It was the first night K and I had gone out. We had worked together for a bit at that point. I am a really resistant social creature. I love people. Well..let me rephrase, I love my people. I hate 99.9 percent of the populace. But if I feel safe enough, deem you trustworthy and not a total mouth breather, then you're in. It didn't take me long of listening and talking to K to realize that she was pretty special. It had nothing to do with physical attraction. I was attracted to her from the get go. She's beautiful. Long brown hair with streaks of grey, beautiful eyes that change color when you look into them, a wonderful smile, and my god, a body that wont quit. To say shes voluptuous is an understatement. Curves that would make any world class sports car crash and burn. I watched her and was a bit smitten to begin with. Yes, I checked her out.

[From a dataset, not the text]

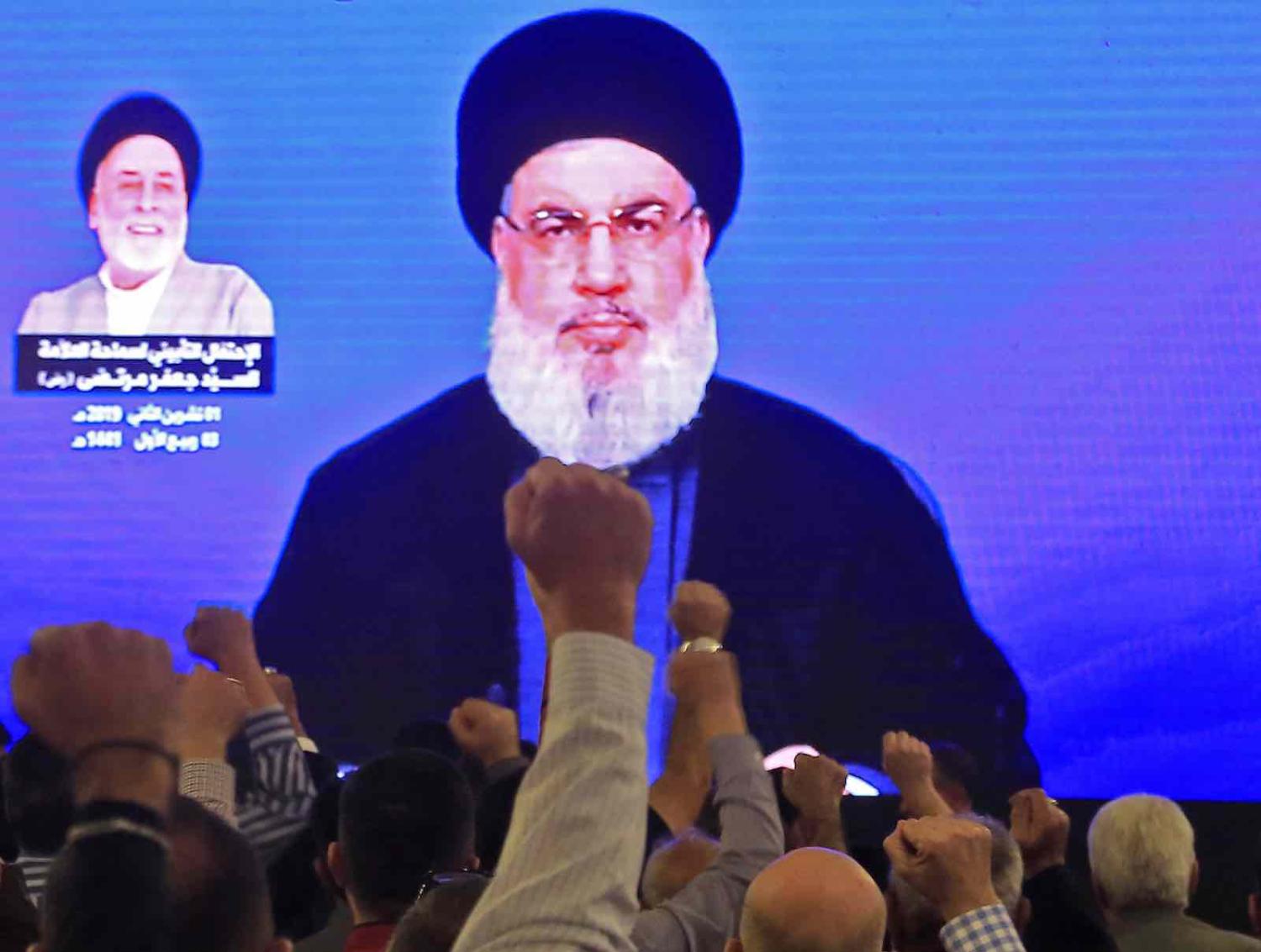 Supporters of Hassan Nasrallah, the head of Lebanon’s militant Hezbollah movement, watch him speak through a giant screen at a mosque in Beirut’s southern suburbs on 1 November (Photo: AFP via Getty Images)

I think I was working with her one night when the flood gates started. I came closer to her, over by the sink, which is by her work station. "so you're married." It might have been the first question I asked her, and well, in true me fashion just came brain to mouth. Then neither of us could shut up. I talked about life, and work. Talked about my past, which normally I never am too forthcoming about. Talked about her life, college, her marriage, careers. K, is easy to talk to. She's one of the rare people on this earth that listen, and not just wait for her turn to talk. Shes a straightforward, no bullshit kind of girl too, which, I look for in a woman. I need that in my life, I have a tendency to get sidetracked every now and again. So I know I need someone that isn't afraid to tell me to get my shit together.
One night as we worked we were out on the patio, I was smoking as I locked everything up for the evening. We talked about going to the bar around the corner for a drink after work. We hurried through the rest of our evening at work together, both in a hurry to just be able to not have to focus on anything but our conversation, and for me a beer. I didn't know about her feelings for me at that point. I most certainly didn't know that she had seen parts of me naked. I would have screamed foul and insisted that I get to see as well, so at that point it was probably for the best.
Did I mention that she smells good? If sexual allure had an aroma, it would be the way K smells. She would stand close to me at work and I would hold her in through my nose. The scent would then travel up into my brain and go directly to the pleasure center of it, and then beat that god damned thing like a gong. I bring this up, because that night she was close to me. Soooo close.
We got to the place we were going, and pulled up a seat at the bar. It was trivia night, and there was a good amount of people at the bar. We ordered up, and received our drinks, and to my right this little, bouncing, drunk, girl sits next to me. She starts talking to me about it being her birthday, and how the dj is her boyfriend, and just being really flirty. Meanwhile on my left I have K, and shes scrunched in trying to hear the conversation, but what she doesn't realize is that I notice, I notice everything. I notice that our knees touch. I noticed that after I reached into my jacket for my phone, that my hand grazed her thigh. I notice that I can still smell her over this girls sex kitten perfume.
I was pretty attracted to K that night, and as I sat there and we talked about this girl, I longed for K. I longed to touch her, to see her naked, To kiss those full lips. So what does a guy do when he cant outright come and say what he wants, because what he wants is so far out of the possibility at that moment? Transference! I told her that she could have any man at that bar if she wanted. I told her that she was an attractive woman. I didn't know she didn't know that I really meant it. She is an attractive woman, SO attractive. As the evening progressed my hormones raged, god I wanted to burst out of my skin. I told K, you see this girl next to me? I bet I could slide my hand down under the bar, up her thighs, and then right inside of her, and she'd let me. There was something going on at that moment between K, and I. The way she said, I bet you could. The way she asked more questions about what I could do, the way I responded. We didn't even notice that the girl had got up and left at that point. I think she knew in a way I was talking about her that entire time, and I think that she wanted me to do those things to her as much as I wanted to do them.
We left the bar, and we talked and laughed. The whole thing was devilishly innocent. But I wanted more then. We got back to her car, and I told her I had a wonderful time. I did. I always do.